» **What needs to be done**
Would you repeat the data below exactly, taking out the images?

Input data below:

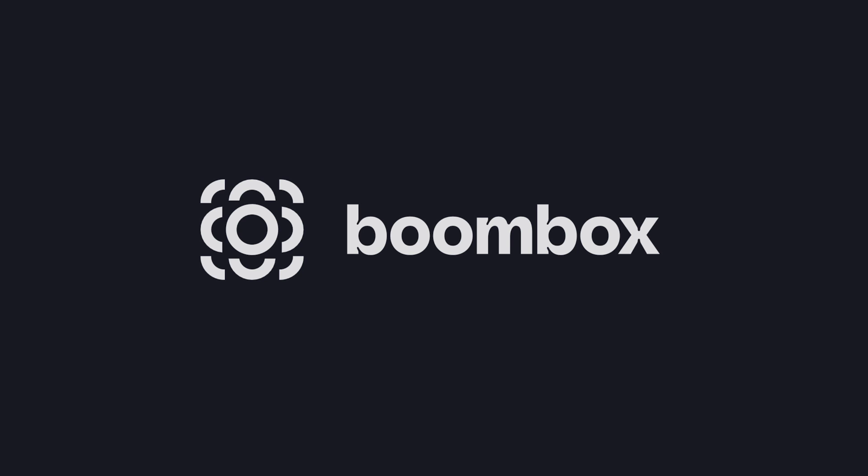This video is brought to you by Boombox, the ultimate file storage and collaboration platform for musicians, bands, producers, and other music industry professionals. Stick around to the end of this video to learn more.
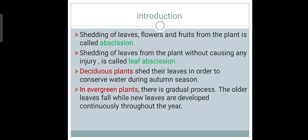First of all, what is Obsession? In general language, shedding of leaves, flowers and fruits from the plant is called Obsession. It is a natural phenomenon.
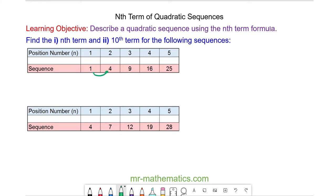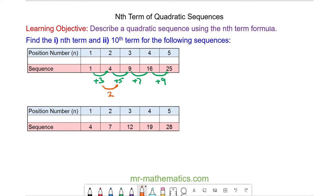The difference between 1 and 4 is 3, between 4 and 9 is 5, 9 and 16 is 7, and 16 and 25 is 9. Now we need to find the second difference, which is the difference between the green terms. So 5 take away 3 is 2, 7 take away 5 is also 2, and 9 take away 7 is again 2. This is called a constant second difference, and when we have that it means it will be a quadratic sequence involving n squared.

End of Input data.

» **Exercise answer**
This video is brought to you by Boombox, the ultimate file storage and collaboration platform for musicians, bands, producers, and other music industry professionals. Stick around to the end of this video to learn more.
First of all, what is Obsession? In general language, shedding of leaves, flowers and fruits from the plant is called Obsession. It is a natural phenomenon.
The difference between 1 and 4 is 3, between 4 and 9 is 5, 9 and 16 is 7, and 16 and 25 is 9. Now we need to find the second difference, which is the difference between the green terms. So 5 take away 3 is 2, 7 take away 5 is also 2, and 9 take away 7 is again 2. This is called a constant second difference, and when we have that it means it will be a quadratic sequence involving n squared.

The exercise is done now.